While this book has identified instances in which conflicts between police and members of the African American community have led to strong feelings of bias, the range of complaints concerning racial bias in the criminal justice system today is much larger. At nearly every stage in the system, we find disparities in punishment, in the provision of adequate defense counsel, and in policies and laws, as well as other forms of bias experienced by African Americans. Marc Mauer, president of the criminal justice advocacy group The Sentencing Project, recently noted that, “in the most profound betrayal of the promise of integration and opportunity, the United States has created a world-record prison population fueled by policies that have exposed substantial portions of African Americans to the life-changing consequences of the criminal justice system.”
What Mauer describes as a continuing legacy of slavery places far too many African Americans in jeopardy. That legacy is seen in the increasing disparities in our society. Marian Wright Edelman, president of the Children’s Defense Fund, notes in her new study on disparities involving children, “America’s Cradle to Prison Pipeline,” that disparities start early and continue throughout African Americans’ lives.
Edelman describes many instances in which children are pushed out of school, given no meaningful alternatives, and soon find themselves in the criminal justice system as adults. Furthermore, the criminal justice system compounds the problem by continually punishing race more than crime.
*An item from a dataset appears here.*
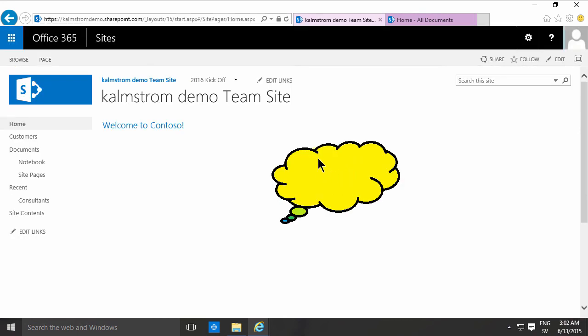There we go. Now I have an image displayed in the image viewer web part. Thank you for watching this demo.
One of the greatest ironies in the criminal justice system is the propensity of prosecutors to strike blacks from juries, not because of evidence of a potential juror’s actual bias, but presumptions of racial bias. It is a practice that regrettably legitimizes perceived biases of prosecutors while presuming actual bias on the part of potential African American jurors. In several decisions the Supreme Court has chastised prosecutors for removing otherwise qualified African Americans from jury service because of their race. In Batson v. Kentucky, Justice Lewis Powell, writing for the majority, reversed a conviction of an African American defendant because the prosecutor had struck all of the potential black jurors.